I will not say we are never given more than we can handle. I don’t think that’s true. But I will say that I do believe we are given, if we are willing to search and utilize, the tools needed to survive. There is no promise we will pass unscathed. In fact I think the opposite. We are often deeply bruised, permanently scarred.
For years I have asked for help and guidance in caring for myself, in learning to be at peace in body and soul. I wish for a calm, healthy nervous system. A strong, tranquil mind. I have been to therapy, tried a slew of diets, practiced specific exercise routines, used meditation apps, and invested in pricey life coaching. Everything has helped and nothing has cured. And so I continue to put out into the universe: What am I missing? What is it that I need to know right now? How can I learn to rest, to take better care of myself? To live a happy and healthy life?
Part of my answer came in the form of diagnosis - two chronic diseases demanding attention.
If pain is the body’s primary communication with the brain, what recourse does it have when ignored but to turn up the volume? The brain, for all its innate wisdom and analytic ability, is often a terrible listener. It has an ego’s agenda. The body cares nothing for the ego. The body only wants to feel safe, healthy, and at peace.

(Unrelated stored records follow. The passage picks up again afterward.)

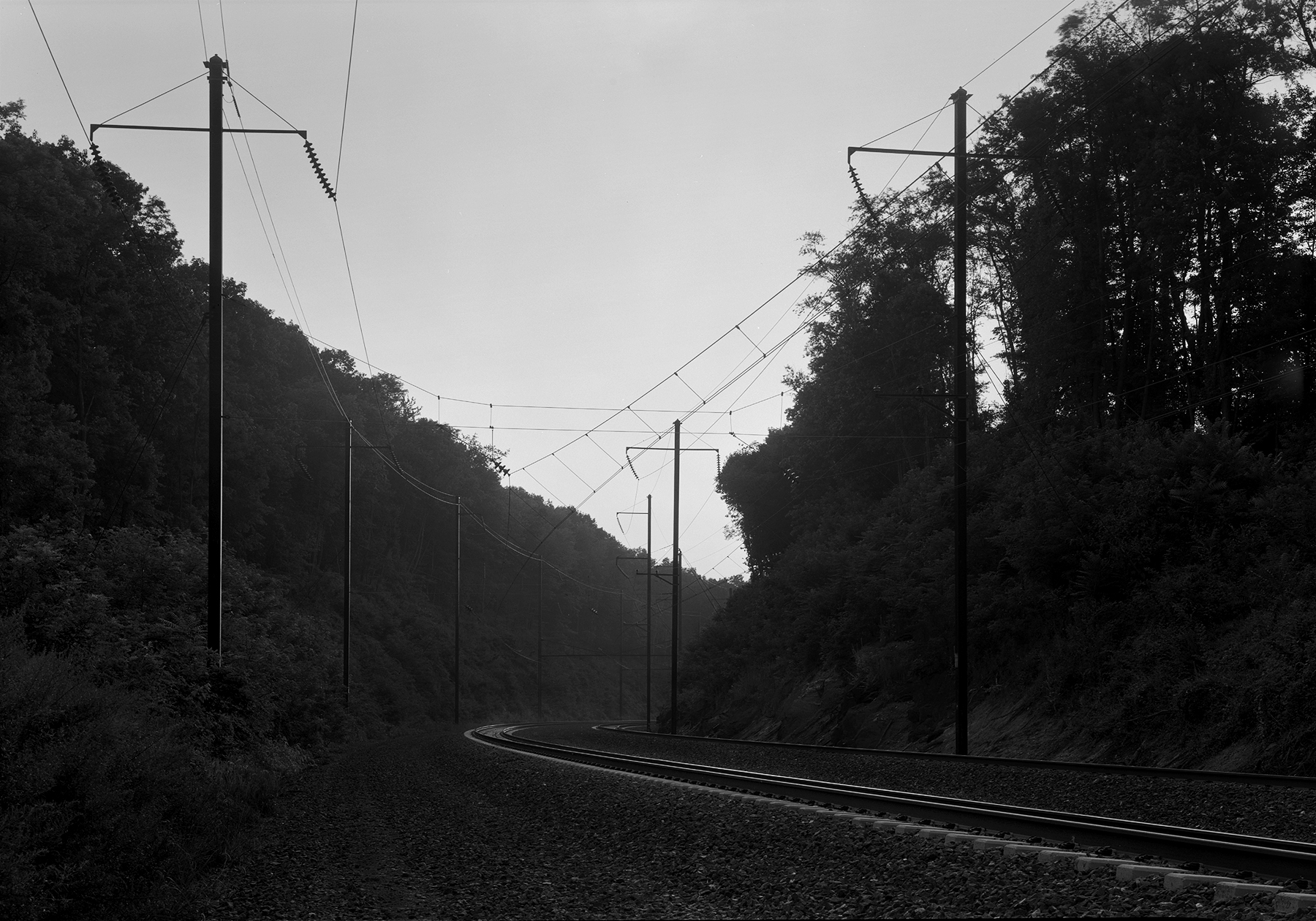In this westward view of the North Bend Cut, near the vicinity of Shuman's image, we see two tracks remain, now under the guise of the Commonwealth funded Keystone Corridor, operated by Amtrak. The contemporary railroad landscape without the context of historical images can still present a beautiful study in light and shadow, in this modern view. 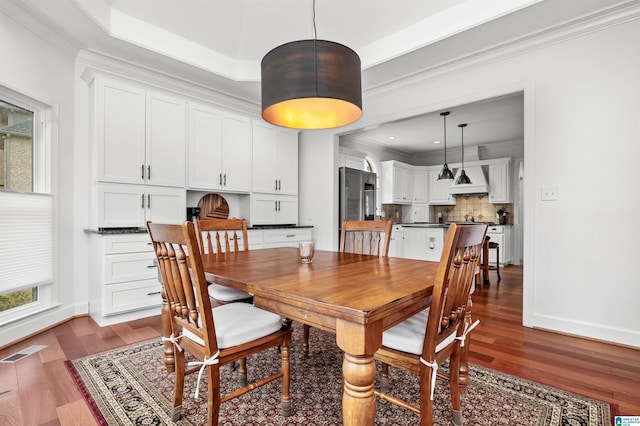 dining room featuring hardwood / wood-style flooring, a tray ceiling, and ornamental molding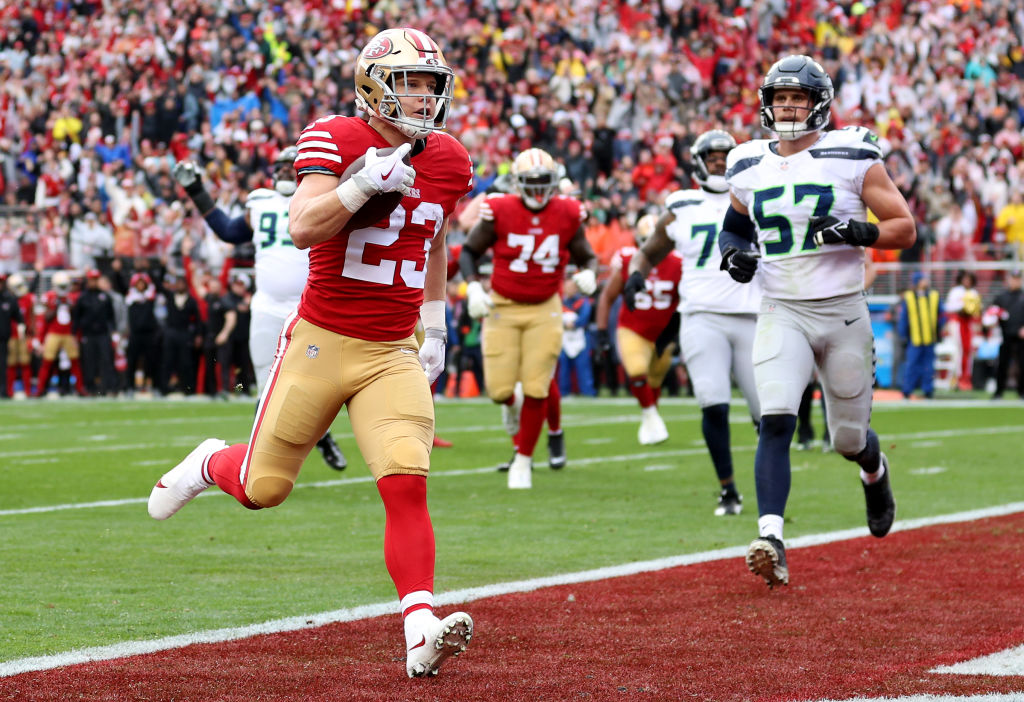 Christian McCaffrey #23 of the San Francisco 49ers celebrates after scoring a 3 yard touchdown against the Seattle Seahawks during the first quarter in the NFC Wild Card playoff game at Levi's Stadium on January 14, 2023 in Santa Clara, California. (Photo by Ezra Shaw/Getty Images)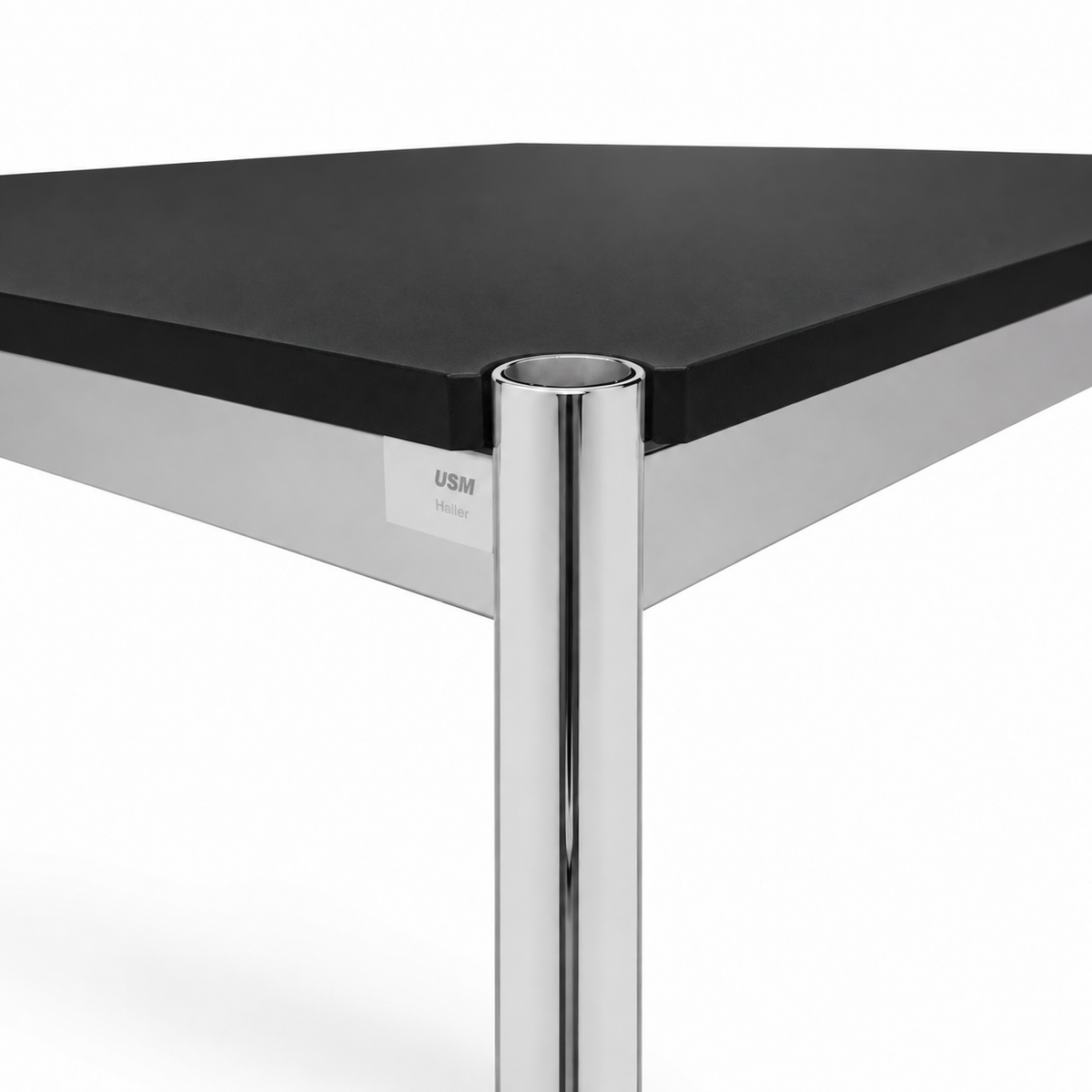 USM Haller Tisch mit schwarzer Fenix-Tischplatte und verchromtem Stahlgestell im Detail.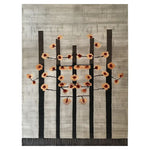 Kibushi Harmony Hand Tufted Wool Rug showcasing a contemporary design with abstract floral patterns. This area rug features a blend of warm and earthy tones, making it ideal for large living rooms. Crafted from wool, it embodies a modern aesthetic perfect for enhancing the elegance of your living space.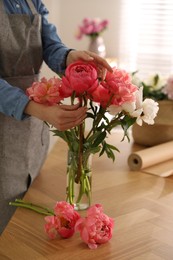 Photo of Florist making beautiful peony bouquet at table, closeup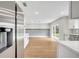 Modern kitchen with white cabinets, stainless steel appliances and hardwood floors at 905 Valencia Rd, South Daytona, FL 32119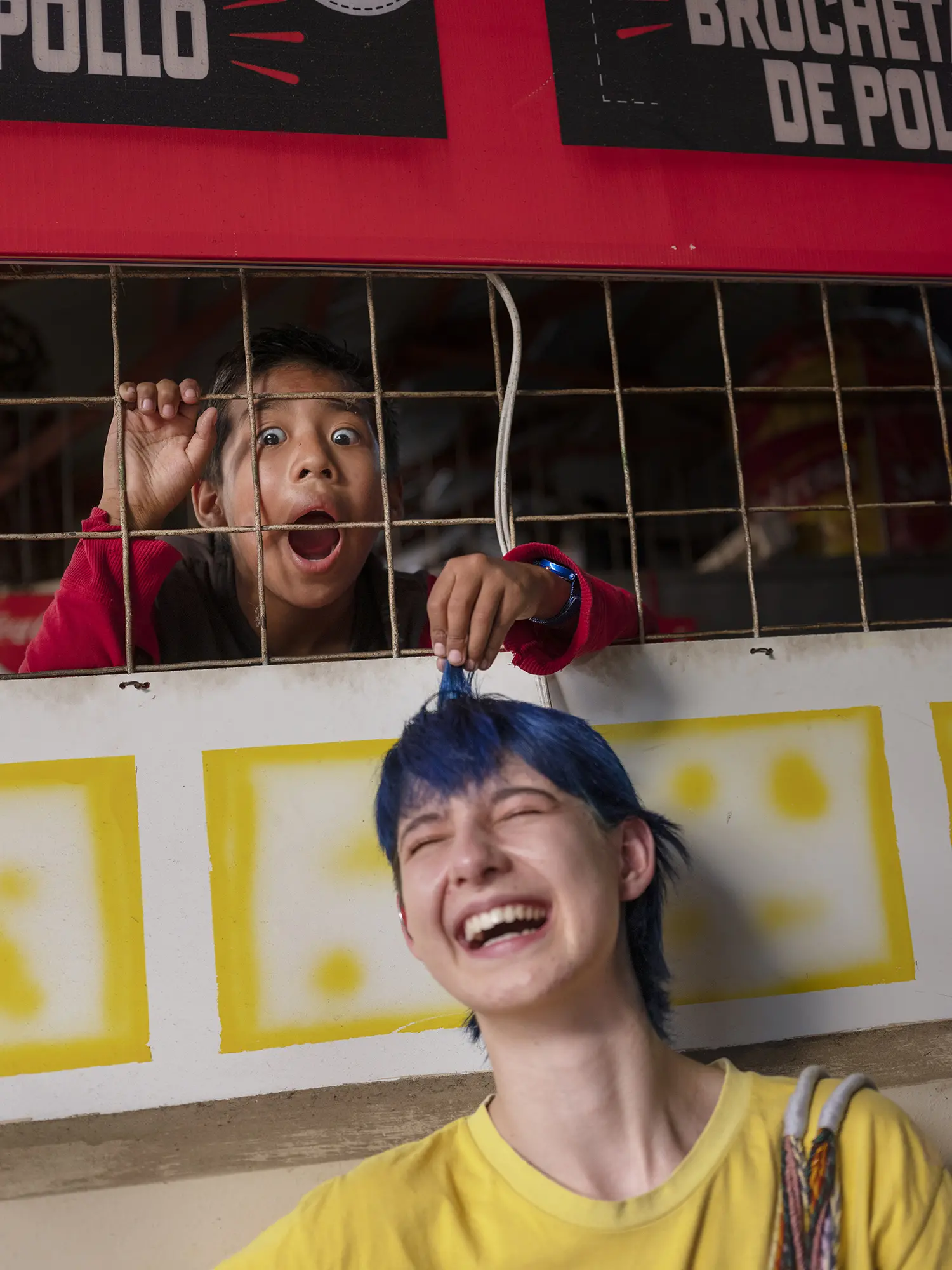 A young girl plays with Tam's hair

I recently listened to a podcast that connected dharma, one’s purpose in life, to health. At its essence, the idea is: what do you want enough to change for? What gets you out of bed each morning? Connect to that and make choices accordingly. Of course we must attend to our responsibilities. Most of us need to work in order to pay bills and tend to responsibilities - it is the way of this world - but we were not put here to work a job for money.
So why am I here?
To create art, tell stories, and birth characters. To practice yoga, write words, and make beautiful things. To connect with nature and adore animals. To love my people and be loved by them. I am here to express. I am here to bring people together. I am here to be happy, to the best of my abilities, and to be connected to something greater.

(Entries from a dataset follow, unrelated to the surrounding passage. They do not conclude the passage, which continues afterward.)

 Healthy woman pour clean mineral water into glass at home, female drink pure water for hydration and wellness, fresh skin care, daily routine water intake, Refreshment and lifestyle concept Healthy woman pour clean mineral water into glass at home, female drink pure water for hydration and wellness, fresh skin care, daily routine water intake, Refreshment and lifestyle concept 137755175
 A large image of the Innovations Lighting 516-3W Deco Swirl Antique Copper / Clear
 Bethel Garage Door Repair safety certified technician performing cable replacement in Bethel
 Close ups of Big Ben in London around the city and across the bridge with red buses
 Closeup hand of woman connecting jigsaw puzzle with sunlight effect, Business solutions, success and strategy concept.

Here are some of the things I am NOT here to do. Answer emails. Work overtime. Do more than my share. Bear overwhelming responsibility. Be pushed around. Have thin to nonexistent boundaries. Be abused, belittled, or bullied. I am not here to be engulfed by housework, yardwork, deskwork, or any other kind of work other than my dharma. I am not here to feel forever exhausted, drained, shattered or depressed. I was not put here to sob against the floorboards in my closet or rake blades across my skin or rip clumps of hair. I am not here to wage war on my body, forever unsatisfied, even disgusted.
We are not owed happiness, and simultaneously we do not deserve unhappiness.

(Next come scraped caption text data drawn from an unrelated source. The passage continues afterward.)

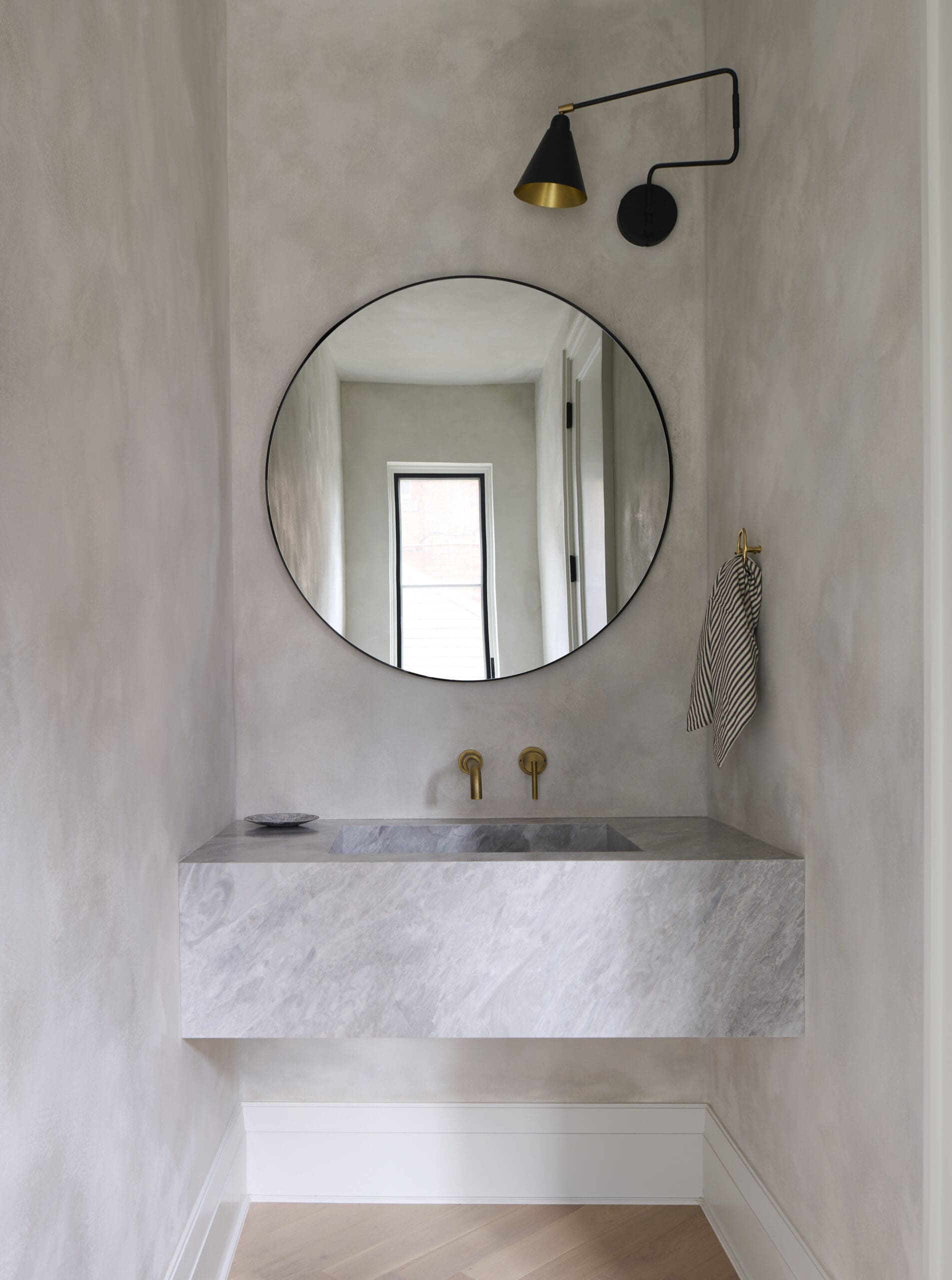 Stone bathroom with circular mirror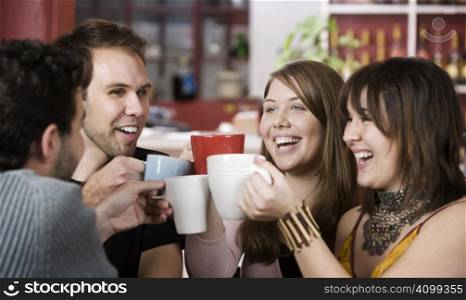 Young toasting friends with coffee cups in a cafe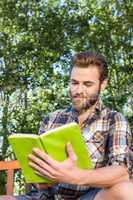 Handsome hipster reading in the park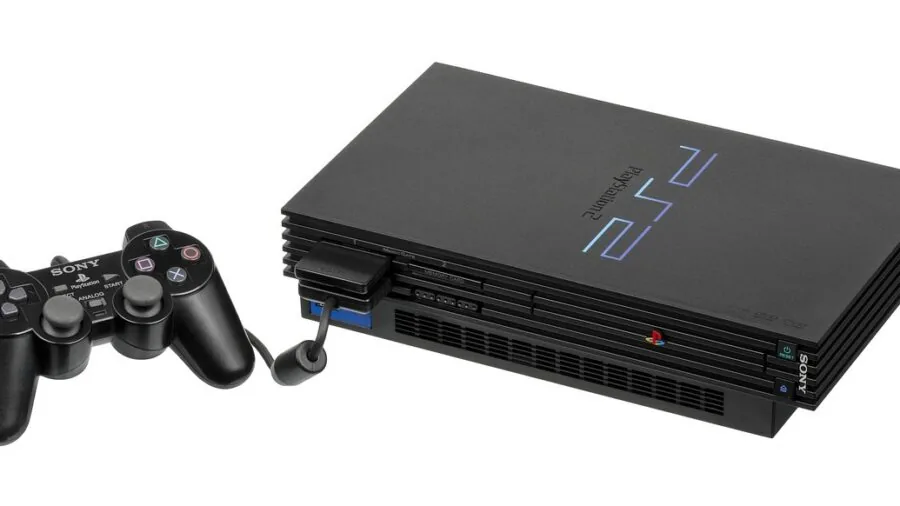 Person streaming at desk with multiple gaming devices and cables connected together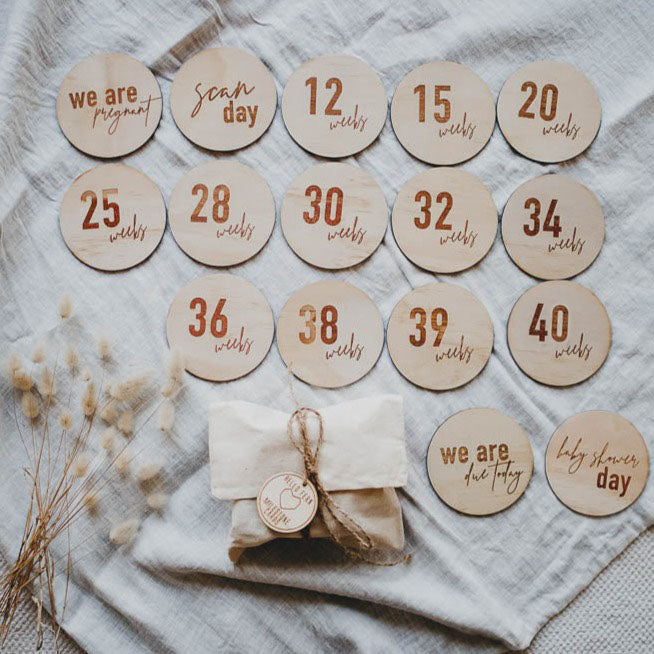 A collection of wooden pregnancy milestone cards with weeks marked on them, displayed on a neutral fabric surface, with a cotton bag and string on the side.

I think the human experience is about wading through this muck. About figuring out why you are here and working to stay connected to that higher purpose. Discovering, tending to, and living with these developments in my health are part of my journey - powerful reminders of why I am here and why I am not.
More than once I’ve been called a Pollyanna. It was not a compliment. But I choose to see finding reason amid the chaos as a way to stay afloat. Human beings have always gravitated toward magical thinking, building narrative, identifying reason, discerning patterns. Think of how a child asks Why over and over again. The mind is always looking for a thread of logic, even when that thread appears completely illogical.
This is my thread. It need not be yours.